The policies, of unprecedented scope, will carry a plain warning: High and volatile oil prices, surging demand, unreliable supplies, and global warming compel Europe to reconfigure its energy supply before it's too late.
"It's the biggest issue. It affects all of us. Just try living without energy for a few days," said Elena Nekhaev, director of programs at the London-based World Energy Council, a nongovernmental organization.
The European Union, the second-largest consumer of energy in the world, after the United States, is also the largest energy importer, looking abroad for just over half the energy it needs.
Within 20 years, at current rates of consumption, the EU could depend on foreign suppliers for 70 percent of its energy, the commission says.
The EU's blueprint plots a different path: lower energy consumption, the development of renewable sources, and research into other alternatives, and ways of cutting carbon emissions from fuels already in use, particularly coal.
But changing course won't be easy, experts say.
"The big debate is, who is going to pay for it and equally, are people willing to make the modifications that will be needed to do it," said John Loughhead, executive director of the U K Energy Research Center in London.

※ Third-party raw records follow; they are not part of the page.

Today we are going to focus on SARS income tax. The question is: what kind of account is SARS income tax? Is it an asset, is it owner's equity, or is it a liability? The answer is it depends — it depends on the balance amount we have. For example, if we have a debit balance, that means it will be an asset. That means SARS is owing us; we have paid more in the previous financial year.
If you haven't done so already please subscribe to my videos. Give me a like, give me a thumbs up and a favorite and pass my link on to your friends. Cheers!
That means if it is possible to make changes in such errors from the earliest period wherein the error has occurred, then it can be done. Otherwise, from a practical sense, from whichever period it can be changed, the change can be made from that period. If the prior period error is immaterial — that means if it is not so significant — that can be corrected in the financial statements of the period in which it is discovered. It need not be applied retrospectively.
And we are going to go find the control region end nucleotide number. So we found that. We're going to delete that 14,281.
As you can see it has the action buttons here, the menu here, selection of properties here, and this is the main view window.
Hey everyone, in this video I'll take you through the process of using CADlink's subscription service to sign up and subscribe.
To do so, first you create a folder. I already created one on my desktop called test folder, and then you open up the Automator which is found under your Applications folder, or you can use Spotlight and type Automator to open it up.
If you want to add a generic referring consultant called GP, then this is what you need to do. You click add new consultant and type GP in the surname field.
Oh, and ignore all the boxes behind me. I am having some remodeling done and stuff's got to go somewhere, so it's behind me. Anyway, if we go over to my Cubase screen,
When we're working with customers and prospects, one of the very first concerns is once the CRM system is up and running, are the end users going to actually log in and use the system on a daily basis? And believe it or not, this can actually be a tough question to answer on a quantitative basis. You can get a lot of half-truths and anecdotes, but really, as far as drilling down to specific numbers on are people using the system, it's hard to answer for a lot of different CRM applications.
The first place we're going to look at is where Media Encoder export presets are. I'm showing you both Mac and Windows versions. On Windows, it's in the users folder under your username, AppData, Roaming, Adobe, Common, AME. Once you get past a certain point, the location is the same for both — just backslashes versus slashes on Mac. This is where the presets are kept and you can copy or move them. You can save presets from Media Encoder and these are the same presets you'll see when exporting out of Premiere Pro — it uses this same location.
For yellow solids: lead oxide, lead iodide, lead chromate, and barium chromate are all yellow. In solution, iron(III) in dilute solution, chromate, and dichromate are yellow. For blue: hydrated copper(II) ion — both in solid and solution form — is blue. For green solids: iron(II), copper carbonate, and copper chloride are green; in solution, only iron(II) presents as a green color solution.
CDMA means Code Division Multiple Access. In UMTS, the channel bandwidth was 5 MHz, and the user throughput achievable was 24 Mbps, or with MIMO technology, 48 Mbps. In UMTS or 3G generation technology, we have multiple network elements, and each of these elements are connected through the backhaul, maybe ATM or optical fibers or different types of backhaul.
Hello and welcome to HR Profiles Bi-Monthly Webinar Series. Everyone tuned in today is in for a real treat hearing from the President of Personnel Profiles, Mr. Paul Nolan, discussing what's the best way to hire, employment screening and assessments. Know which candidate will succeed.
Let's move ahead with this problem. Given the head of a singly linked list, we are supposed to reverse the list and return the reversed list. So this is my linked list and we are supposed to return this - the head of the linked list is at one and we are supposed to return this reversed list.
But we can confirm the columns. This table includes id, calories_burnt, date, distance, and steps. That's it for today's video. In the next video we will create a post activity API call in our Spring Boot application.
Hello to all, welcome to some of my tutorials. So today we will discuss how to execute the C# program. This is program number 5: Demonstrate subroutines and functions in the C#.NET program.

Are Europeans ready to change the habits of a lifetime? Shoulder the added costs of research? Open the door wider to nuclear power? Surrender their countryside to wind turbines and solar panels?
Eero Heinaluoma, the finance minister of Finland who recently headed a group of experts reporting on the European energy sector, detects a shift in public attitudes.
He says alarm over possible climate change coupled with last year's spike in oil prices brought a tipping point that will inspire "a third industrial revolution."
Other observers, though, fear governments may balk at signing up for drastic changes that could cause a backlash at the ballot box.
The European Renewable Energy Council, a Brussels-based industry group, says all but two of the European Union's 27 member states, Germany and Denmark, are shying away from binding targets for renewable energy production that are a central plank of the new policy.